Q: Hello, I am a recent widow and I am for the first time handling my personal finances. I spoke with my bank's financial planner and he recommended the JP Morgan Efficiente 5-Year CD. It appears to have the benefits of a CD in safety, but has the ability to grow like an equity mutual fund. What are some of the pros and cons of this investment? Could you explain the associated costs?
A: The FDIC wrapped CD does not pay a coupon during its five-year life span and is not callable prior to its stated five-year final maturity. Principal is fully guaranteed, but the return is based on the performance of JP Morgan's Efficiente 5 Index. This is a proprietary algorithm created by JP Morgan that allocates assets across a basket of ETFs (exchange traded funds -- AKA mutual funds that are bundled and traded daily like a stock). As for costs, it acts much like a normal bond priced at $1,000, or generally priced at par value to the average investor.
The investor participation is 100 percent of the performance of the index from initial settlement to final maturity and is paid out (if total return is positive) only at the final maturity date. There is a floor set at zero so the investor is protected from taking any loss of principal.

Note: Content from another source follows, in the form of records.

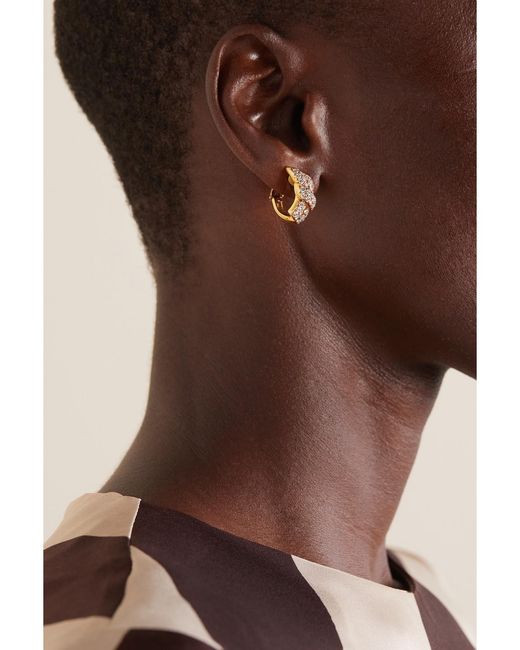 Fred Leighton Natural Van Cleef & Arpels 18-Karat And Diamond Earrings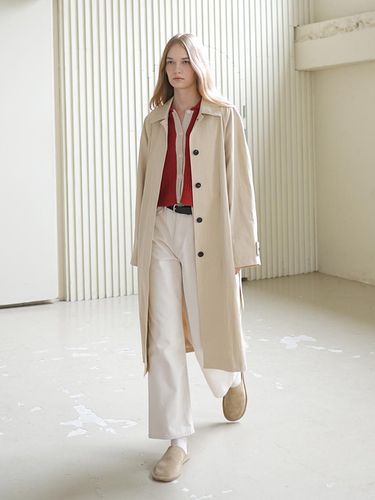 HIDDEN BUTTON TRENCH COAT / BEIGE - PAUL&ALICE - Modalova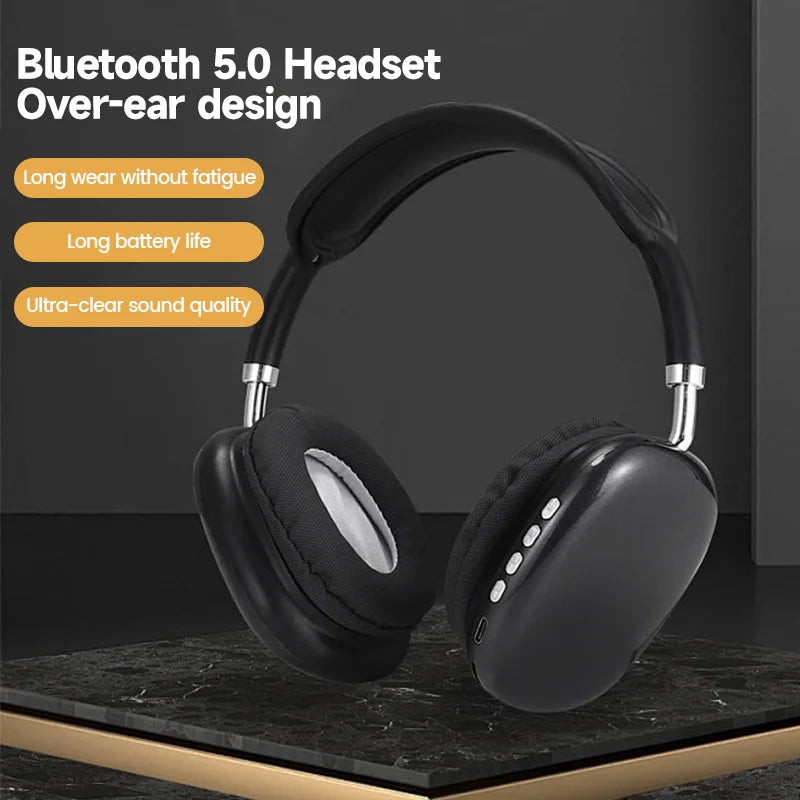 Wireless Bluetooth Gaming Headset Black CAN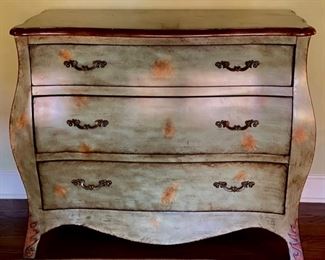 Honquest Bombe-Style Chest of Drawers. Measures 41" W x 19" D x 35" H. Photo 1 of 5.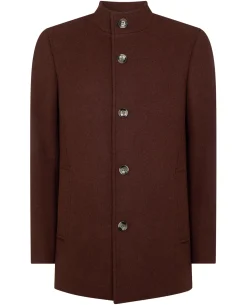 Jonah Tailored Fit Wool Blend Overcoat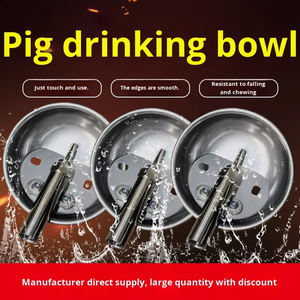 Nuova Ciotola Rotonda in Acciaio Inox per Abbeveraggio Suini con Bevitore Rinforzato e Beccuccio per Maialini e Scrofe Attrezzatura per Allevamento - Product Image 6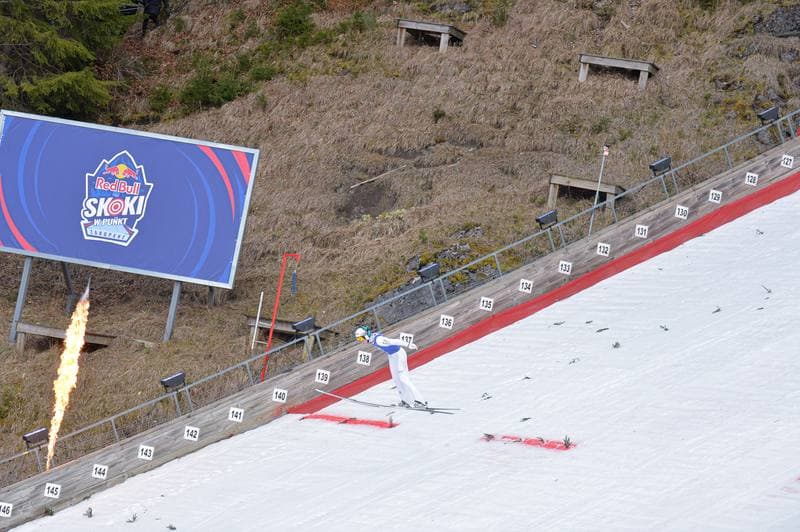 Ski Jumping. Red Bull Target Jumping. Day 1. 05.04.2025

This type of investment is best suited for investors looking for principal protection over a five-year period with a return more likely to exceed the rates of current traditional interest-bearing CDs with five-year duration.
Pros of this investment include principal protection through FDIC, downside protection of the market and upside potential of the market. On the other hand, cons include liquidity concerns of the secondary market, linked index limited history (established Oct. 29, 2010) and CD strategy is subject to currency exchange risk.